2. There is the use of natural powers or gifts. St. Paul was a well-educated, intellectual man, with great reasoning powers, so he supported truth by argument. David was a poet, so he breathed out as the sweet psalmist of Israel the hallowed outpourings of a sanctified heart.

3. There is the use of feeling. All the emotions of the human heart may be found in Scripture. There is no deep feeling of which man is capable which is not expressed there. There is love, sorrow in some of its most tender and touching forms, depression of spirits, joy, hope, longing desire, deep contrition, calm faith, and perfect peace. All these you find, not merely described by the inspired authors, but forming part and parcel of the inspired word. They are the very word itself, and are expressed as naturally as if there were no such thing as inspiration.

4. There is the use of memory. Our Lord’s promise to His Apostles in John, xiv. 26, applies clearly to this point, and shows that the gift of the Holy Ghost, so far from superseding memory, would quicken it, and give it the power of recalling with accuracy the words intrusted to it. ‘He shall bring all things to your remembrance, whatsoever I have said unto you.’

5. There was also the use of personal experience, as, e.g., when St. John said, ‘The word was made flesh, and dwelt among us, and we beheld his glory’ (John, i. 14); and again, ‘That which we have seen and heard declare we unto you.’ (1 John, i. 1, 3)

And lastly, and it is a very deeply interesting point, there was the diligent use of collected information. See Luke, i. 1–3, where Luke does not claim to write original matter, but to have received it from those who from the beginning were eye-witnesses, and ministers of the word. It was because he had a perfect understanding from them that he undertook to write out in order the events of the narrative.

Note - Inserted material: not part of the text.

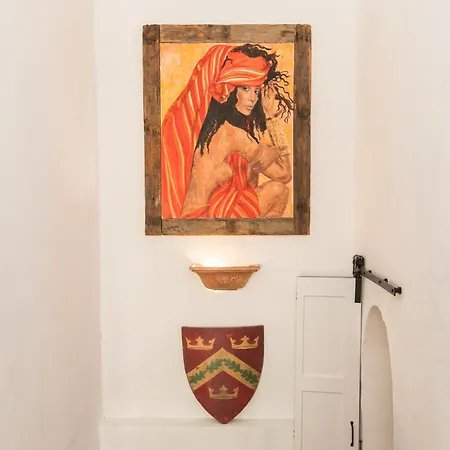 Steps From The Port! Chic 2-bed In The Heart Of 度假居 *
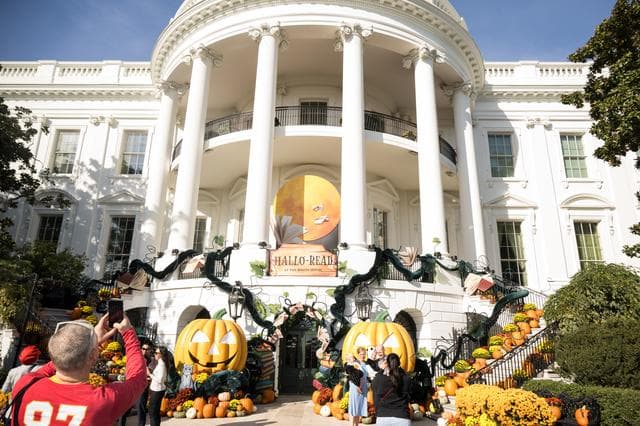 NASA image: White House Hallo-READ Event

It is clear, therefore, that in the composition of Scripture there was the free use of the human mind. The Pentateuch is the word of Moses as well as the word of God, for when our Lord quotes the fifth commandment in Mark, vii. 10, He introduces it by the words ‘Moses said;’ although when He condemns His hearers for the breach of it, he says, they were ‘making the Word of God of none effect by their tradition.’ (Mark, v. 13.) The human element is therefore as plain as the divine. We have not in our Bible a voice speaking from heaven in accents so strange to human ears that it could only serve to amaze and terrify; but we have God’s will presented to us through the medium of human language, human feeling, human thought, and human inquiry; human in all respects but one, and that is, as we have already found, that it is free from human error.